Synthesis of nickel@N-doped carbon nanotube foams for high sulfur-loading lithium-sulfur battery

The practical applications of lithium sulfur batteries have been greatly restricted by the polysulfide shuttle effect and non-conductivity of sulfur. Here, we report a nickel-catalyzed carbonization method to synthesize three-dimensional (3D) nickel@N-doped carbon-nanotube (CNT) foams for lithium-sulfur batteries. The corresponding carbon/sulfur cathode with a high sulfur loading of 3.71 mg cm(-2) possesses a high initial capacity of 855.6 mAh g(-1) at 135 mA g(-1) and good cyclic stability with a low fading rate of 0.153% per cycle for 100 cycles at 270 mA g(-1). The growth of carbon thin layers on the nickel nanoparticles results in the encapsulation of the nanoparticles in the CNTs, which makes the carbon forms highly conductive and prevents the metal nanoparticles from being oxidized by polysulfides. The high conductivity is favorable for the electron transfer between polysulfides and carbon electrode. Moreover, the doped nitrogen atoms on the CNTs have strong chemical adsorption ability for polysulfides, accelerating redox reaction of polysulfides on the carbon electrode (i.e., suppressing the shuttle effect).
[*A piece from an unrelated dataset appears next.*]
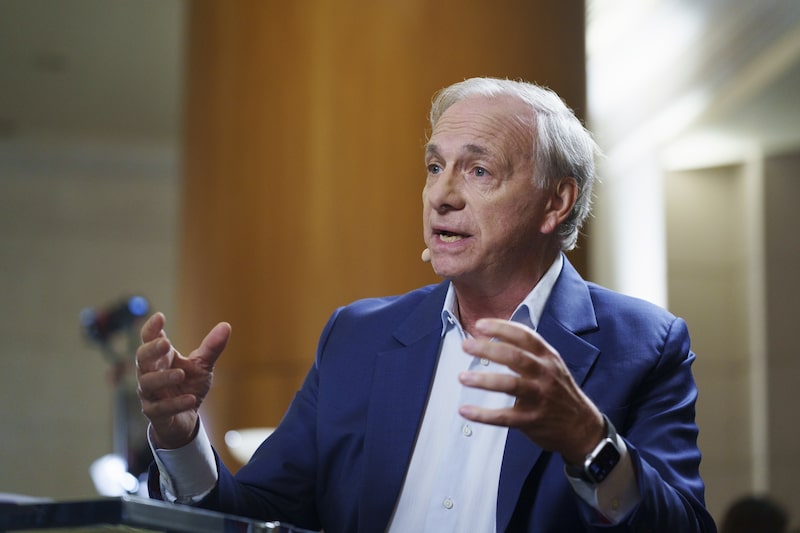 Alta dos juros aproxima inteligência artificial de bolha prestes a estourar, segundo fundador da Bridgewater (Ore Huiying/Bloomberg) Alta dos juros aproxima inteligência artificial de bolha prestes a estourar, segundo fundador da Bridgewater (Ore Huiying/Bloomberg)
These unique structural characteristics well explain the excellent electrochemical performance of the assembled batteries. It is believed that the fabricated carbon foam is a promising material for high sulfur-loading lithium-sulfur battery. (C) 2022 Published by Elsevier B.V.

Automated summary

A nickel-catalyzed carbonization method was used to synthesize three-dimensional nickel@N-doped carbon-nanotube foams for lithium-sulfur batteries. The resulting cathode exhibited high sulfur loading, high initial capacity, and good cyclic stability, while also effectively suppressing the polysulfide shuttle effect and providing good conductivity.